The camera was hooked-up to the small encampment located on top of cave 3. In June the installation was completed and checked, ready for the upcoming breeding season.
Unfortunately, the surveillance of another female-pup pair at this open beach will have to wait, at least for another year. Heavy groundswell during these last months, together with poor sea conditions last year, have swept all the sand off the shore, which means that the beach has disappeared this year.
Thus not only has no breeding taken place here, but it has been rare to see animals resting on what was once a large beach.
Sea conditions are showing signs of improvement, which means that the sand will start to accumulate again and the beach return. We hope that by next year the beach will again be occupied by seals. – Mercedes Muñoz and Hamdi M’Bareck, CBD-Habitat.

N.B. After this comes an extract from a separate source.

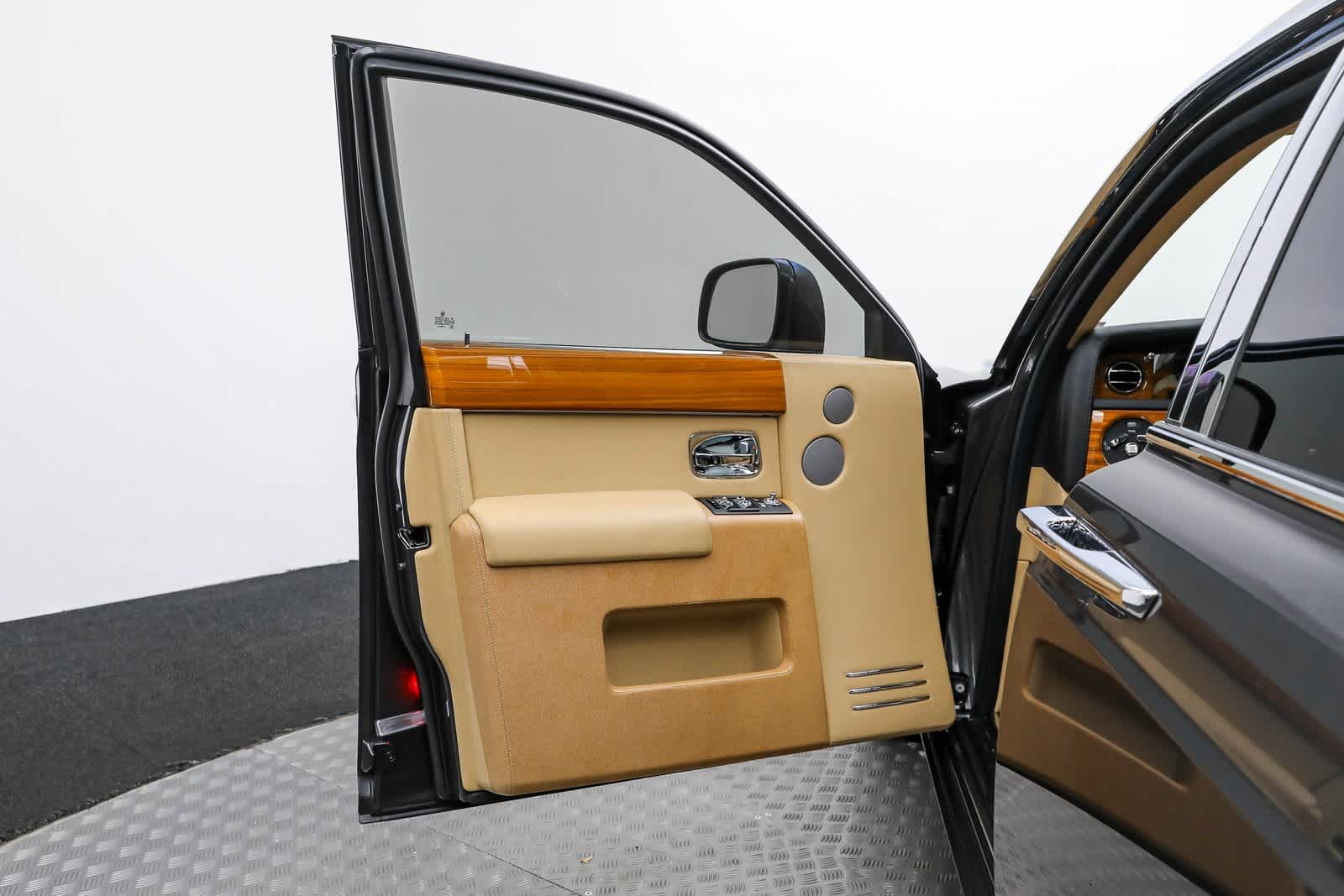 Thumbnail: 2015 Rolls-Royce Phantom - 15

Since 2009 a new monitoring effort is being developed north and south of the boundaries of the ‘Coast of Seals’ reserve. Twice a week, the conservation wardens extend their surveillance 1,5km north and south to collect information about the fishing pressure over the boundaries of the reserve.

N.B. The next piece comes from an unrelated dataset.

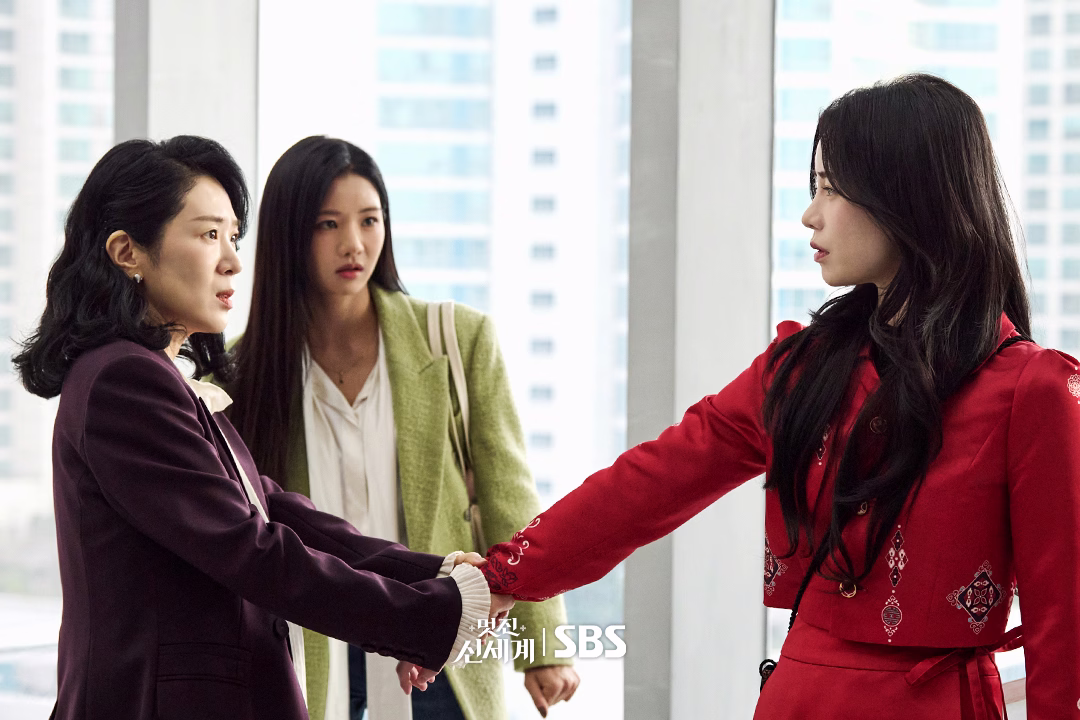 Lim Ji Yeon in character as Shin Seo Ri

When the infractions committed inside are compared with the fishing pressure outside the reserve, we can determinate if the absence of infractions is due to the effectiveness of the surveillance or the lack of fishing pressure in the area during that period.
The map presented here is a compilation of the data taken from last year (2009). In it, the coast is divided into different sections in which the number of detections is reflected in a colour pattern.
As we can see, most of the fishing effort is concentrated at the external areas closer to the boundaries. This indicates that the fishermen are not only respecting the boundaries of the reserve but that “la costa de las focas” has become an important refuge for the seals to breed without fishing threats. – Abba M’Bareck and Hamdi M’Bareck, CBD-Habitat.
Although still missing one month until the end of the pupping season, to date there have been 55 newborn pups at Cabo Blanco. The birth rate improves upon last year’s (51 pups in 2009) and confirms the positive trend when compared with the 24-28 births at the beginning of the last decade.
The peak birth period was October, with 19 newborn pups registered; followed by September with 10.
67% of the births took place in one of the two main breeding caves of the colony. Where neonatal mortality is concerned, it has to be said that 12 dead pups were detected that were less than two months of age, while another 6 disappeared; giving a rate of between 22 and 33%.
The sex-ratio is inclining towards females with 61% of the births versus the 39% for males. The dependability of veteran females and the incorporation of new reproductive ones are ensuring a successful breeding season. We hope that the season’s birth record continues to rise until the end of the year, as a positive sign of the recovery of the Cabo Blanco colony. – Miguel Ángel Cedenilla, Anna Varea and Moulaye Haya, CBD-Habitat.
The views expressed by outside contributors do not necessarily reflect those of The Monachus Guardian.